14. Considering the above citation, admittedly, the Petitioner/accused has received the statutory notice, but he has not sent any reply. One more adding circumstance in this case is that during the pendency of the case before the XVIII Metropolitan Magistrate''s Court, both the Petitioner and the Respondent entered into the memorandum of understanding under Ex.P9. In that, they admitted the amount due is Rs. 20,00,000/- where Sarath Kumar has given surety. As per clause-1 of the memorandum of understanding, the Respondent/complainant agreed to receive Rs. 15,00,000/- with the conditions as in clauses-2 and 3, he received Rs. 5,00,000/- and withdrawn the case against Sarath Kumar in C.C. No. 6371/2002. Since he has not repaid the balance amount of Rs. 10,00,000/-, as per the clause-4 of Ex.P9, he prosecute C.C. No. 2446/2001. In such circumstances, both the Courts below have considered all the aspects in proper perspective and came to the correct conclusion that the cheques under Exs.P2 and P3 were issued for discharging legally enforceable debt under Ex.P1 series promissory notes. When they were presented in the Bank for encashment, they returned as "funds insufficient". So the statutory notice was issued by the Respondent/complainant to the accused. Even though the accused received the said notice, neither he sent any reply nor he repaid the amount. So the ingredients of Section 138 of Negotiable Instruments Act is made out against the Petitioner/accused. So the findings of both the Courts below that the Petitioner/accused is guilty for the offence u/s 138 of Negotiable Instruments Act does not warrant any interference and hence, it is hereby confirmed.

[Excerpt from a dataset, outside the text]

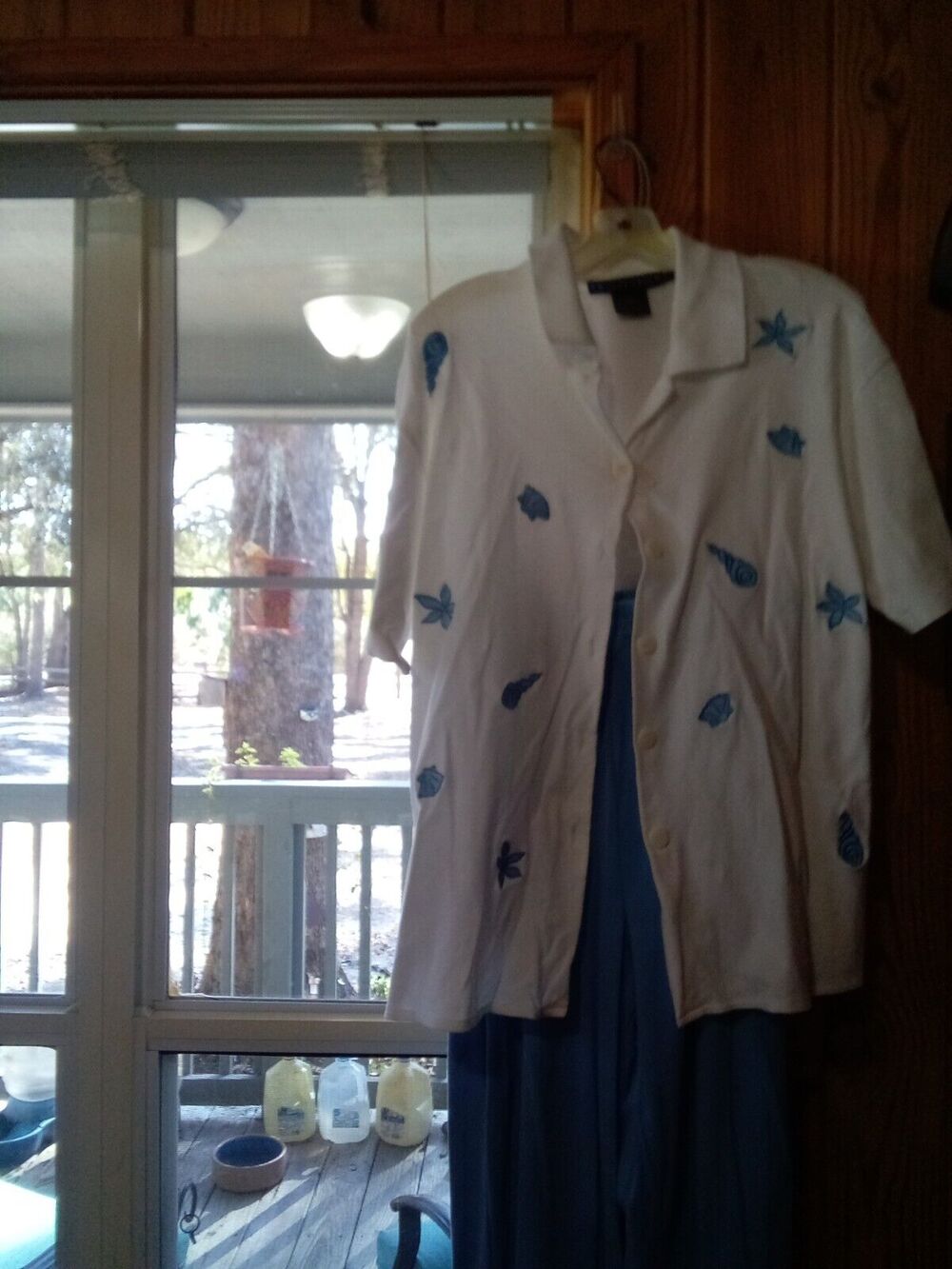 I.B.Diffusion L Women's Cotton 2 Piece White W/Blue Shell VTop And Blue Pant Set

15. The quantum of sentence is concerned, the sentence imposed by the learned VI Additional Sessions Judge is fair and proper and hence it does not warrant any interference, so it is hereby confirmed.

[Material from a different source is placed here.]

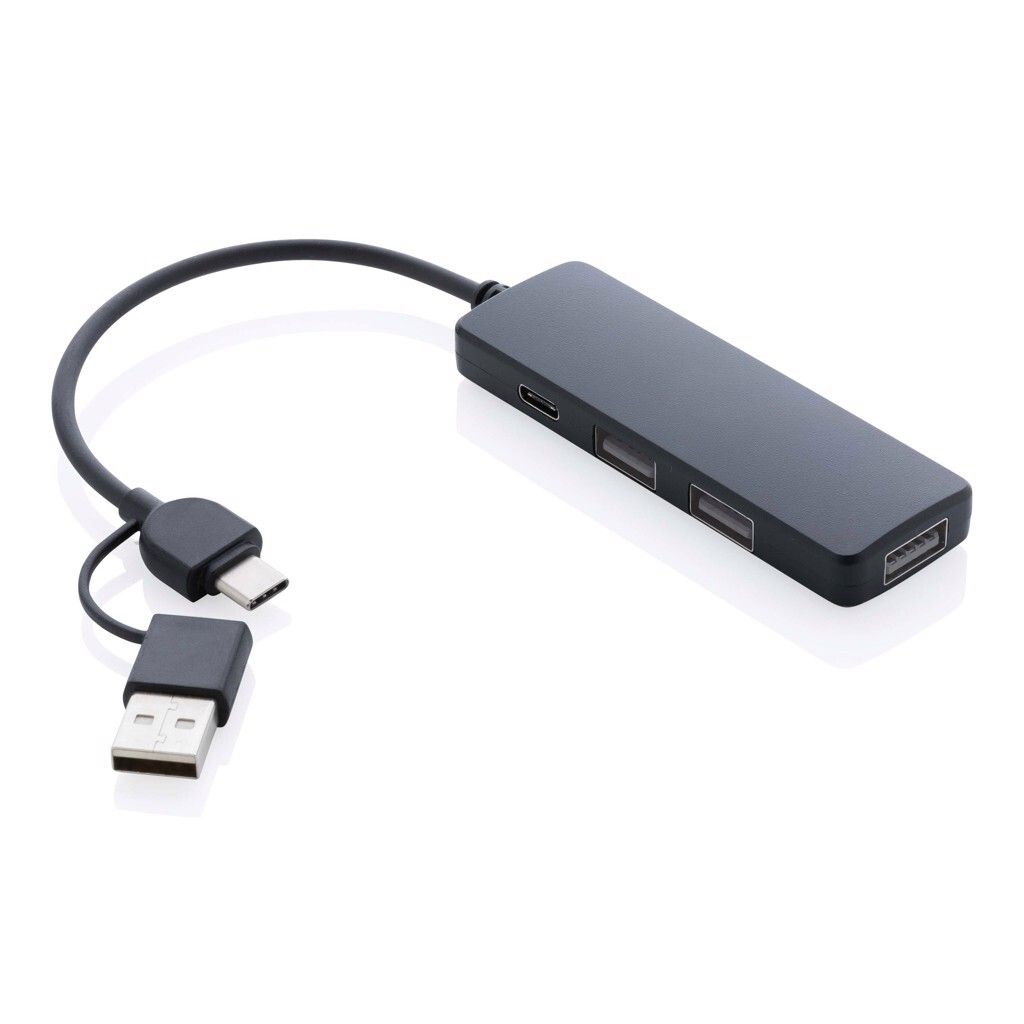 RCS recycelter USB-Hub mit Dual-Input - schwarz-177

16. In fine, The Criminal Revision is dismissed The conviction u/s 138 of Negotiable Instruments Act passed by both the Courts below is hereby confirmed The compensation awarded by both the Courts below is hereby confirmed The revision Petitioner/accused is directed to deposit the compensation amount of Rs. 20,00,000/- within three months. As soon as the amount is deposited, the Respondent/complainant is permitted to withdraw the amount. The sentence modified by the appellate Court is hereby confirmed. The bail bond executed by the Petitioner/accused, if any, shall stand cancelled. The trial Court is directed to take steps to secure the Petitioner/accused to undergo remaining period of sentence imposed on him.